Exercise goal
Give back all of the data exactly.

------ Stored data

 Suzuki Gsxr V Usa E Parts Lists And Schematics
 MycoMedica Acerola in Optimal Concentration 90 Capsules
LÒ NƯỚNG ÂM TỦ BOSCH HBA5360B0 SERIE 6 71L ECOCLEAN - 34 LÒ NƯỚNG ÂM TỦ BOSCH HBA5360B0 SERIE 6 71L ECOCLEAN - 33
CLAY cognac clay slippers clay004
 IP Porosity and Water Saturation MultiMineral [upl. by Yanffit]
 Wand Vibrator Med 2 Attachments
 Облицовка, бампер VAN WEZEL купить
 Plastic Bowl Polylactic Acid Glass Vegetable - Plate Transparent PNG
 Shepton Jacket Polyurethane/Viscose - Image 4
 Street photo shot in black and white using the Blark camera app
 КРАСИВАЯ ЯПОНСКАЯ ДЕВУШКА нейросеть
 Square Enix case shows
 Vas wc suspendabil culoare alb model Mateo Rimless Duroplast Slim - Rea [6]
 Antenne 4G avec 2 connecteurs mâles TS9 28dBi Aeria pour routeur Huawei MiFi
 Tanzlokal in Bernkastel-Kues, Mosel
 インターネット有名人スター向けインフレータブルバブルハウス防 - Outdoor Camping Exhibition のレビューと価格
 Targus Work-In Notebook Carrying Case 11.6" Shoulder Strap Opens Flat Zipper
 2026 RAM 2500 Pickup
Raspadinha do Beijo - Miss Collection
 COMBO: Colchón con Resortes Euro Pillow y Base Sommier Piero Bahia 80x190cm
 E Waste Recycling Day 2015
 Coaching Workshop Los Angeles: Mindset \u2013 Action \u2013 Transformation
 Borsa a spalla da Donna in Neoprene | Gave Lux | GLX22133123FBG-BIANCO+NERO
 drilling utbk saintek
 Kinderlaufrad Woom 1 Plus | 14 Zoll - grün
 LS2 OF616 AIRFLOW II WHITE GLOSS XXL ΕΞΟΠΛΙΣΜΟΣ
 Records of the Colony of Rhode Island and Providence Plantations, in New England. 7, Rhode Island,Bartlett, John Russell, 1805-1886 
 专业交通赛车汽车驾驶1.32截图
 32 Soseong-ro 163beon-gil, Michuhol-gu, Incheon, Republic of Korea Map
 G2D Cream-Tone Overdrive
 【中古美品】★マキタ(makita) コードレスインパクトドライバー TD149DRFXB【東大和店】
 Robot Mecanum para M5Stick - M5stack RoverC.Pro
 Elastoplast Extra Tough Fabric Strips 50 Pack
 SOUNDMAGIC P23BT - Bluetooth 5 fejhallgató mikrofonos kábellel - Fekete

------------

Your solution
 Suzuki Gsxr V Usa E Parts Lists And Schematics
 MycoMedica Acerola in Optimal Concentration 90 Capsules
LÒ NƯỚNG ÂM TỦ BOSCH HBA5360B0 SERIE 6 71L ECOCLEAN - 34 LÒ NƯỚNG ÂM TỦ BOSCH HBA5360B0 SERIE 6 71L ECOCLEAN - 33
CLAY cognac clay slippers clay004
 IP Porosity and Water Saturation MultiMineral [upl. by Yanffit]
 Wand Vibrator Med 2 Attachments
 Облицовка, бампер VAN WEZEL купить
 Plastic Bowl Polylactic Acid Glass Vegetable - Plate Transparent PNG
 Shepton Jacket Polyurethane/Viscose - Image 4
 Street photo shot in black and white using the Blark camera app
 КРАСИВАЯ ЯПОНСКАЯ ДЕВУШКА нейросеть
 Square Enix case shows
 Vas wc suspendabil culoare alb model Mateo Rimless Duroplast Slim - Rea [6]
 Antenne 4G avec 2 connecteurs mâles TS9 28dBi Aeria pour routeur Huawei MiFi
 Tanzlokal in Bernkastel-Kues, Mosel
 インターネット有名人スター向けインフレータブルバブルハウス防 - Outdoor Camping Exhibition のレビューと価格
 Targus Work-In Notebook Carrying Case 11.6" Shoulder Strap Opens Flat Zipper
 2026 RAM 2500 Pickup
Raspadinha do Beijo - Miss Collection
 COMBO: Colchón con Resortes Euro Pillow y Base Sommier Piero Bahia 80x190cm
 E Waste Recycling Day 2015
 Coaching Workshop Los Angeles: Mindset \u2013 Action \u2013 Transformation
 Borsa a spalla da Donna in Neoprene | Gave Lux | GLX22133123FBG-BIANCO+NERO
 drilling utbk saintek
 Kinderlaufrad Woom 1 Plus | 14 Zoll - grün
 LS2 OF616 AIRFLOW II WHITE GLOSS XXL ΕΞΟΠΛΙΣΜΟΣ
 Records of the Colony of Rhode Island and Providence Plantations, in New England. 7, Rhode Island,Bartlett, John Russell, 1805-1886 
 专业交通赛车汽车驾驶1.32截图
 32 Soseong-ro 163beon-gil, Michuhol-gu, Incheon, Republic of Korea Map
 G2D Cream-Tone Overdrive
 【中古美品】★マキタ(makita) コードレスインパクトドライバー TD149DRFXB【東大和店】
 Robot Mecanum para M5Stick - M5stack RoverC.Pro
 Elastoplast Extra Tough Fabric Strips 50 Pack
 SOUNDMAGIC P23BT - Bluetooth 5 fejhallgató mikrofonos kábellel - Fekete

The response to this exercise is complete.